Keep us informed. This could be interesting and if this leads to a contact with VWOA be sure to bring this twice failed compressor business up also.


#11

Stay away from cars with timing belts…


#12

Oh no! I do not plan to put that money in the car and then get rid of it. It really depends if the warranty people cover this estimated cost. I will definitely keep you in the loop as far as the end result. I hate to get rid of this car because I really enjoyed the look and I thought dependability of it. But cuteness doesn’t get you from point a to b. I am on the road too much to take a chance with this car.
Thank you for your input again.


#13

Lol! If only my car could operate on how much I love to travel.


#14

As of today, the reason the timing belt broke according to the dealership is because it broke. I am not a mechanic, but I don’t believe that to be a valid reason. About 2 1/2 weeks ago, the extended warranty agreed to pay for the repairs. I also called in a regional case manager. She was told my car should be done by Wednesday of next week?!? On a side note, I went by the dealership and took about 50 pictures of my car. The word to describe my poor car is “disemboweled.” There were parts filling up the trunk, parts in the back seat AND the engine was 50 feet away in the garage. I also found out after the fact the cylinder head did not need to be removed to repair the car according to another mechanic.


#15

As of today, the reason the timing belt broke according to the dealership is because it broke. I don’t believe that to be a valid reason, but that is all the explanation I am going to receive. I do have a regional case manager working on my behalf for the last two weeks. According to the case manager, the car should be repaired by Wednesday of next week. 5 1/2 weeks later…


#16

There is no way the (Air Conditioning) Compressor problem is related to the Timing Belt problem. And I am not sure what Washer replacement has to do with anything. The only reason to replace the condenser is if it has a leak or it got plugged with debris from the compressor failure. You really need to be concerned with the timing belt failure after only 1 year as the issue and forget about the compressor. Bottom line is that the place that replaced the timing belt didn’t do a good enough job. Or, you got an off brand or counterfit replacement belt. When the MIL light came on, it might have been an indication that the belt had skipped a notch and was close to giving out. I recenly went over 80,000 miles on the OEM timing belt.
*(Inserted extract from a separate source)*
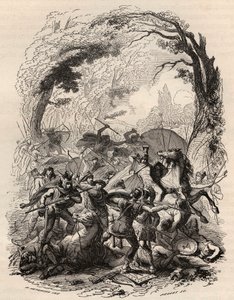 War of the Gauls: Battle of Aduatuca between the Belgian people of the Eburons and the Roman army. Defeated Quintus Titurius Sabinus and Lucius Aurunculeius Cotta in 54 BC. Engraving from 1868 in 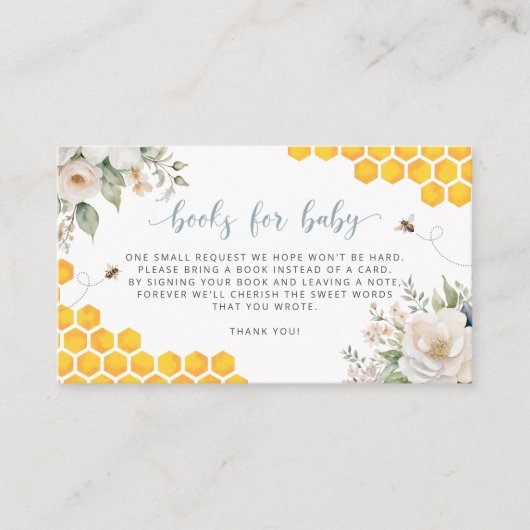 夏のハニカムホワイトフラワーブックベビー エンクロージャーカード (正面)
And I have had an engine destroy itself when the cam siezed breaking the key on the timing belt pulley instead of the belt. Believe me that belt is strong. If it is a good belt and put in correctly. I have heard that VWOA is no help and it is really the dealer or garage that you need to deal with. You might have to become a nuisance. Call the owner (daily) and complain, Consider walking in fromt with a sign or taking out an add in thepaper (or at least threatening to do so) and line up a lawyer.